§ **The problem**
Your answer should be the exact lines of the data below from the one containing "ГРАМОТА ШКОЛА А5 НАГРАЖДАЕТСЯ!" through the one containing "Как снять авто с регистрации"; please include nothing else.

§ **Given data**
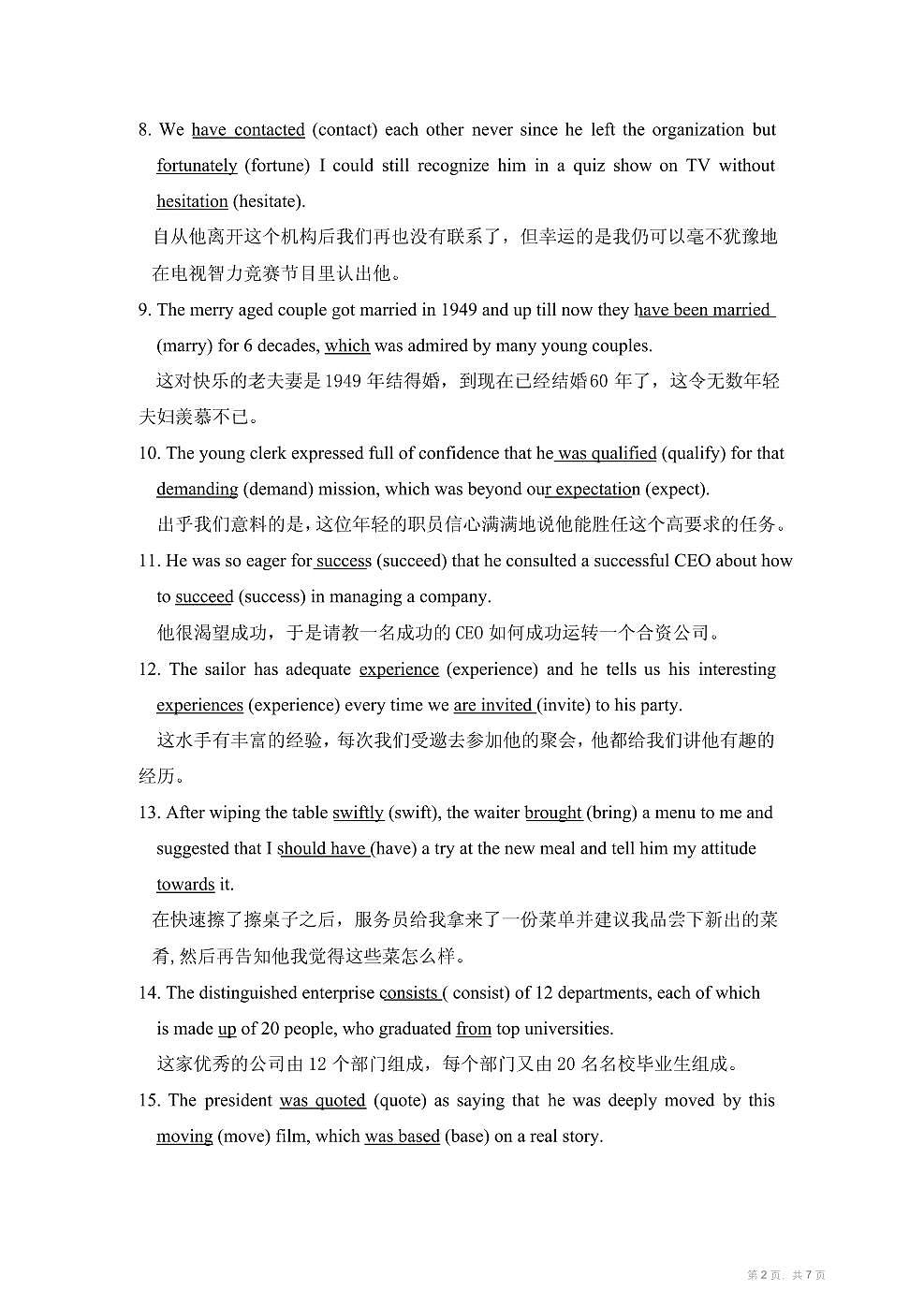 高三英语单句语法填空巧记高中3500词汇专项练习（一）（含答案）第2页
* * *
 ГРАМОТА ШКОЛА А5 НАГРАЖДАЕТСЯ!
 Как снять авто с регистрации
* * *
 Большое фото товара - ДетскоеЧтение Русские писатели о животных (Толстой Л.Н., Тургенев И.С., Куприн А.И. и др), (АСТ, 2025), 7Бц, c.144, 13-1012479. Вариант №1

§ **Result of the task**
 ГРАМОТА ШКОЛА А5 НАГРАЖДАЕТСЯ!
 Как снять авто с регистрации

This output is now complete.